He looked at his watch.

“Don’t say it, Horst!” I barked.

“So then we must find the password….”

“That’s right,” I said, trying to sound calm even though my heart was racing and I was gulping air. “We need the password.” I took a deep breath and had a last shot at getting rid of Horst. “I’m gonna check the room out. … You head back to the lobby. There’s a lady with a poodle in her lap down there. … She’s been watching us.”

His look said he wasn’t buying it, but I’d committed to the story. “Watch her,” I said. “If she leaves the lobby, stay with her.”

“A lady with a poodle?” he said skeptically. “Are you sure?”

“Positive. Don’t let her out of your sight.”

“What about—?”

“For Christ’s sake, Horst, do what I tell you!”

It did the trick. He hesitated but he started back down the stairs, tail between his legs. It was for his own good. If there were people waiting for me, they wouldn’t know about Horst unless we walked in together.
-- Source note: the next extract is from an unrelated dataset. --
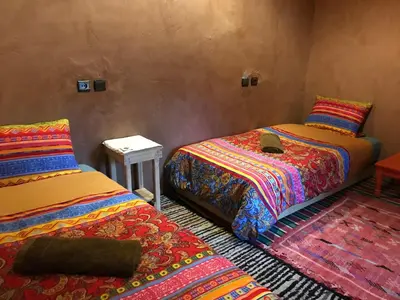 a room with two beds and a table in it at Kasbah Mashallah in Tagounite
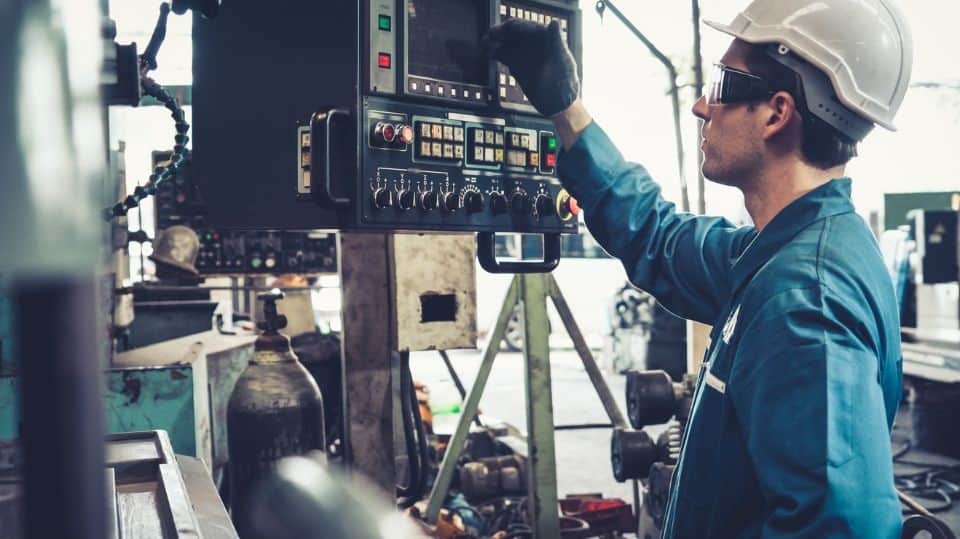 A man in work clothes operating a device in a factory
Anyway, his job was to get me past the lobby and he’d done that. The rest was up to me.

I found the room and stood at the door for a moment, gathering my thoughts. The strange thing was that if I had second-guessed Harvey King correctly, and one of his shooters had been waiting in the room, then I’d be as good as dead when I opened the door. But if they knew, I was as good as dead whether I opened the door or not, so there was nothing to lose. There was a thin ray of hope—and it was toilet-paper thin—that I’d been wrong and the room would be empty.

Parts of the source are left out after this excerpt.